Boulder Transit Village Connections and Districts by Zane Selvans on flickr

If we’re to be successful in getting all the additional trips within the Transit Village done without automobiles, it must be accessible safely, conveniently, and pleasantly by other means.  The map above shows the TVAP districts and the major transportation connections.  To the south of 3100 Pearl lies the North Boulder Farmer’s Ditch, which will eventually have a multi-use path paralleling it and leading to an underpass beneath 30th taking bikes and pedestrians into the 29th St. mall.  The underpass is actually being built right now, in conjunction with the other work on 30th and the east side of the mall (If you’re a cyclist, and you like Ethiopian food, please go eat at Ras Kassas as often as you can until the underpass is finished.  They’re getting hammered by the construction mess.  Take your friends, take your bikes.)  Later the ditch path will in theory also extend eastward as far as Foothills Parkway.  Another path will parallel the railroad tracks north-south connecting the (unfortunately not co-located!) bus and rail terminals.  There will also be improved access to the existing Goose Creek path.  Junction Place is supposed to be the active spine of the plan area, in much the same way that Pearl is the spine downtown.  It would be wonderful if it were a pedestrian and bicycle priority road, where cars are allowed, but never have the right of way.  Something like an enormous crosswalk with a 5 mph speed limit.  Who knows, in the fullness of time, we might even end up pedestrianizing it, and having it become a long linear urban parkway for use exclusively by humans.

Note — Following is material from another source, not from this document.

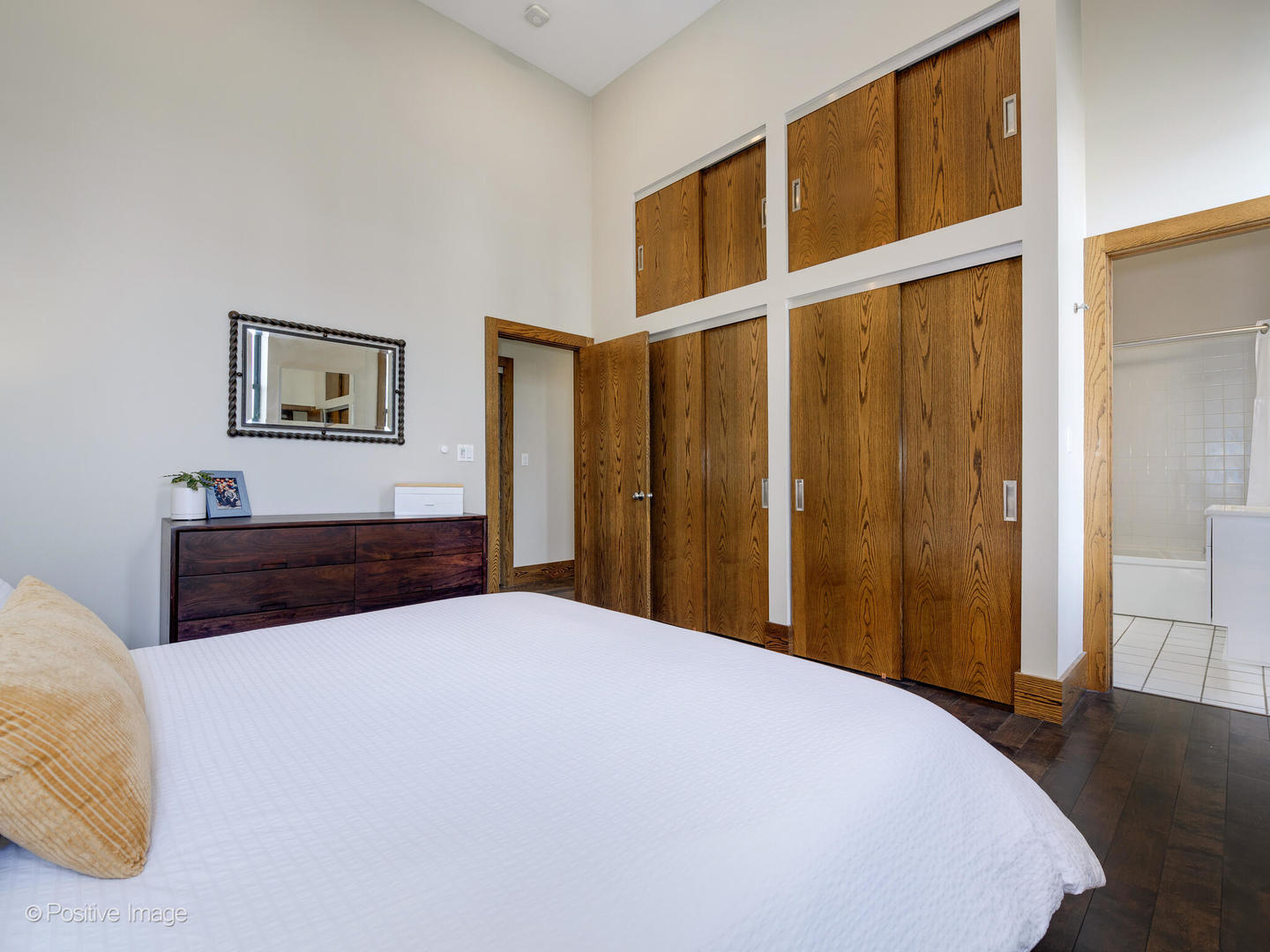 2543 North Racine Avenue, Unit 3N Chicago, IL 60614 - Photo 21 of 25 a bedroom with a bed and a window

But back in the present reality, I’m disturbed to see no good connections directly between the Transit Village and downtown.  If getting between one and the other is a mediocre experience for those not in cars, they will seem like separate cities unless you choose to drive.  I know that sounds hyperbolic, but in the lead up to this workshop, I made a point of riding out here to visit the site (on my own, before the site visit that was associated with the workshop) and I realized that although I’d moved back to Boulder at the end of June, I had never once been as far east on Pearl as 28th St. during the summer.  I had also not once been on 28th St., or 30th St. anywhere near Pearl.  This is because I get around Boulder exclusively by bike.  That area almost does not exist in my mind.  It’s not because it’s far away, and it’s not because I don’t want to go there.  There are a couple of small ethnic groceries on 28th just south of Valmont that I’d shop at.  There’s Chey Thuy, Ras Kassas, and Siamese Plate on the Go, all of which I’d enjoy eating at.  There’s an industrial kitchen supply store I keep meaning to visit.  Of course there’s Whole Foods too.  There’s a Mexican grocery out there somewhere too (can you tell I like cooking and eating?  That’s probably also related to the biking).  But given the choice between heading out there by bike, and going somewhere else instead (Sunflower Market, the Mediterranean grocery on Pearl, the Mountain Sun, Kasa Sushi, K’s China, Illegal Pete’s) I seem to have always chosen to go somewhere else.

Ironically, a bunch of those places are actually easy to reach by bike, off the Goose Creek Path, but I didn’t have experience with the Goose Creek Path from when I lived here before, because I lived in South Boulder.  Extra-ironically, it’s not like I haven’t ridden down the Goose Creek Path dozens and dozens of times since June: Community Cycles is out right next to it near Foothills Parkway.  I made a special effort to find out where CC was out there, and visit regularly, but from the path, it’s impossible to tell what you’re riding past.  It’s like driving to LAX from Pasadena.  There’s no shortage of exits past Downtown on the 110, but who the hell knows where they go?  The paths sometimes seem like bicycle freeways, separated from the fabric of the city.  This also has safety implications — at least subjectively — but not the kind I usually think about when riding.  I’ve spoken with a couple of older female cyclists who don’t feel comfortable riding on the paths, especially at night, because they’re afraid of encountering miscreants and hoodlums while isolated from other people.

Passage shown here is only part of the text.